[Caption-style text data]
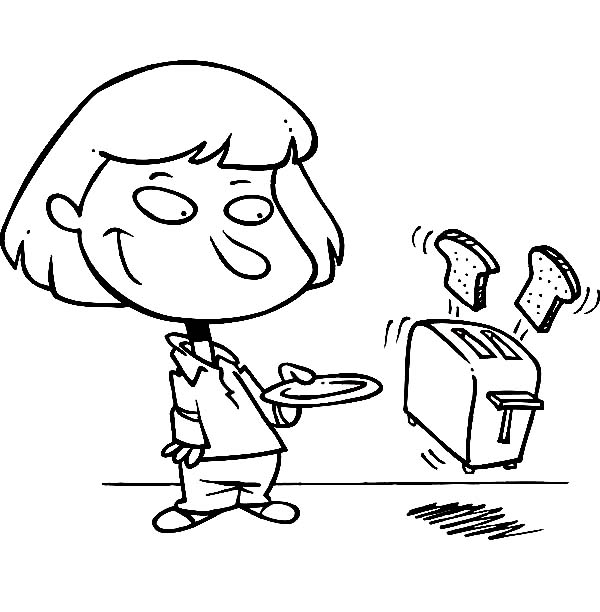 Breakfast, : Little Girl Having Toaster for Breakfast Coloring Page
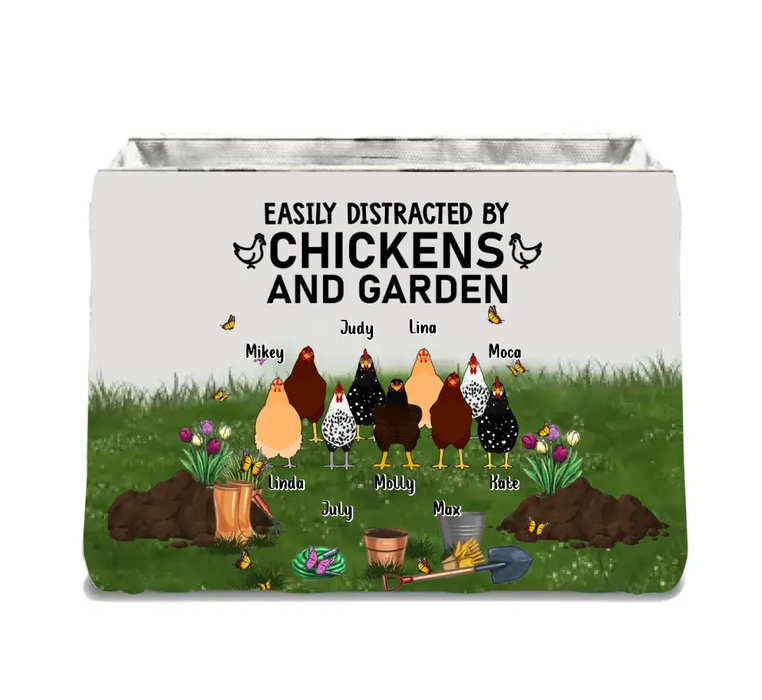 Personalized Chicken Storage Box - Up to 9 Chickens - Best Gift For Chicken Lovers - I Just Want To Work In My Garden And Hang Out With My Chickens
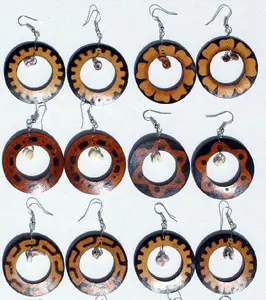라운드 서클 나무 후프 브라운 귀걸이 민족 스타일 디자인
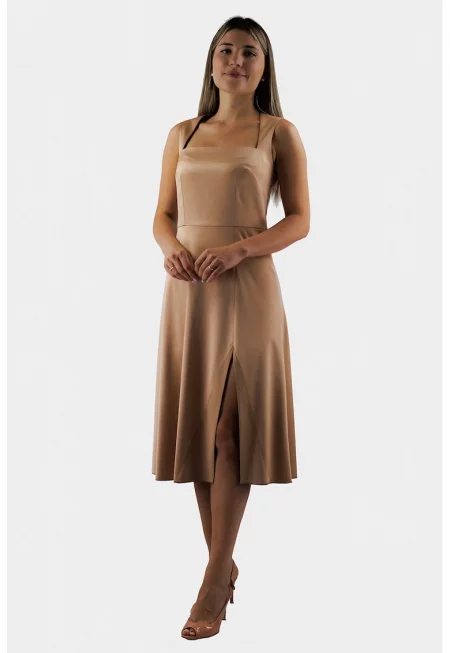 Рокля без ръкави с фронтална цепка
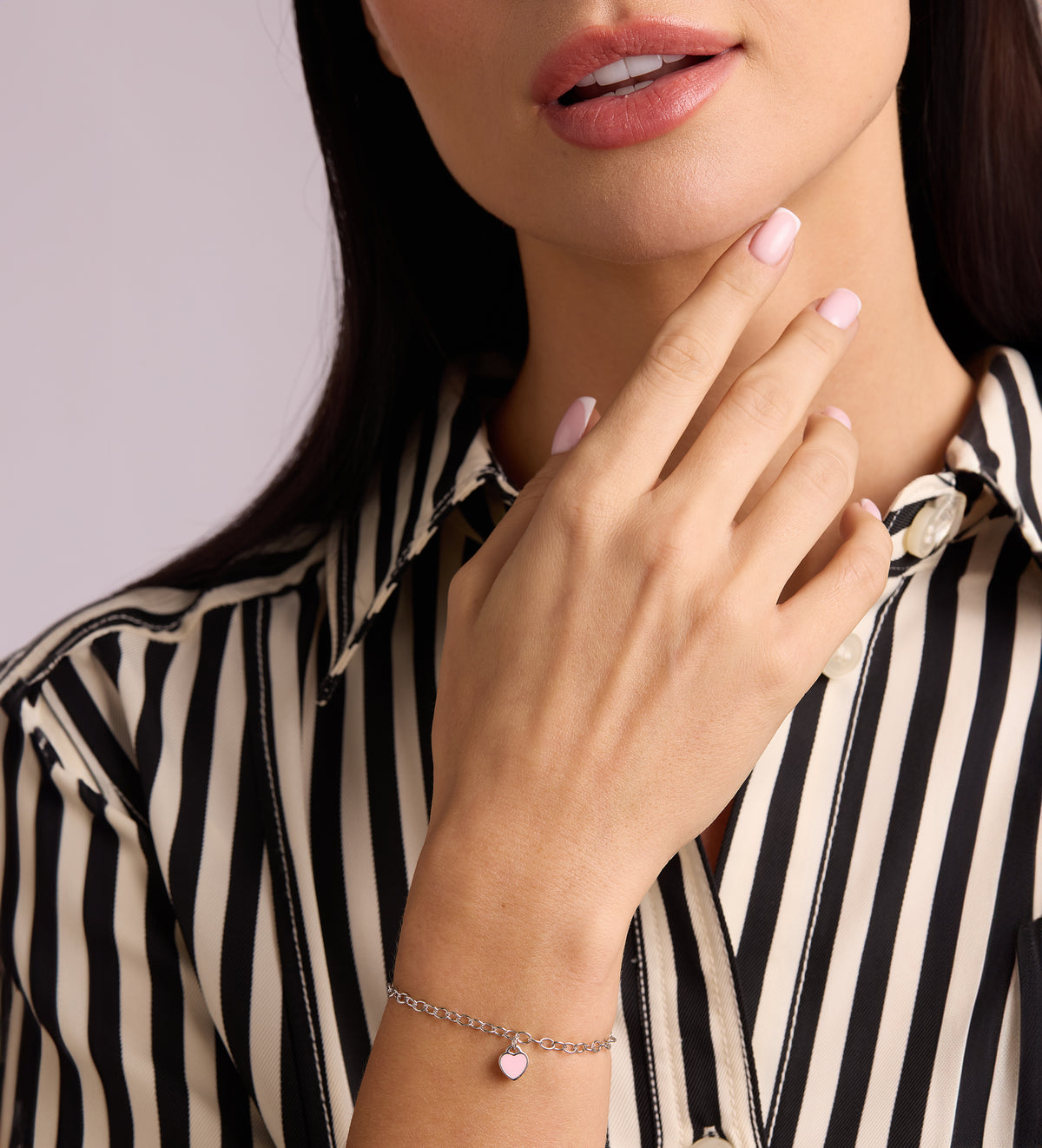 Pink Heart Chain Bracelet in Rhodium Plating on 925 Silver - Ash & Harry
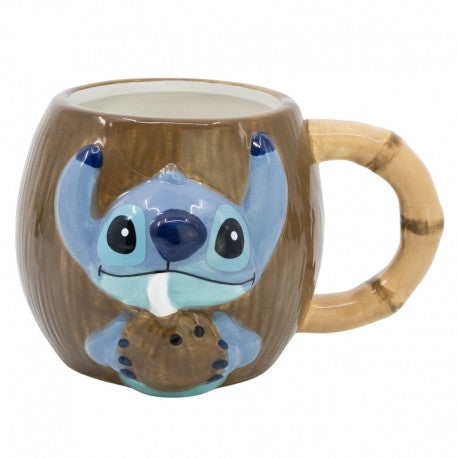 3D kerámia bögre Stitch kókuszdió mintával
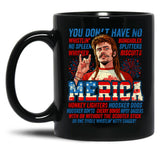 Joe Dirt Merica 4Th Of July Black Coffee Mug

* Requirement *
Exactly restate the lines from the one holding "Рокля без ръкави с фронтална цепка" to the final line of the records above, including both and excluding pictures.

* Answer below *
 Рокля без ръкави с фронтална цепка
 Pink Heart Chain Bracelet in Rhodium Plating on 925 Silver - Ash & Harry
 3D kerámia bögre Stitch kókuszdió mintával
 Joe Dirt Merica 4Th Of July Black Coffee Mug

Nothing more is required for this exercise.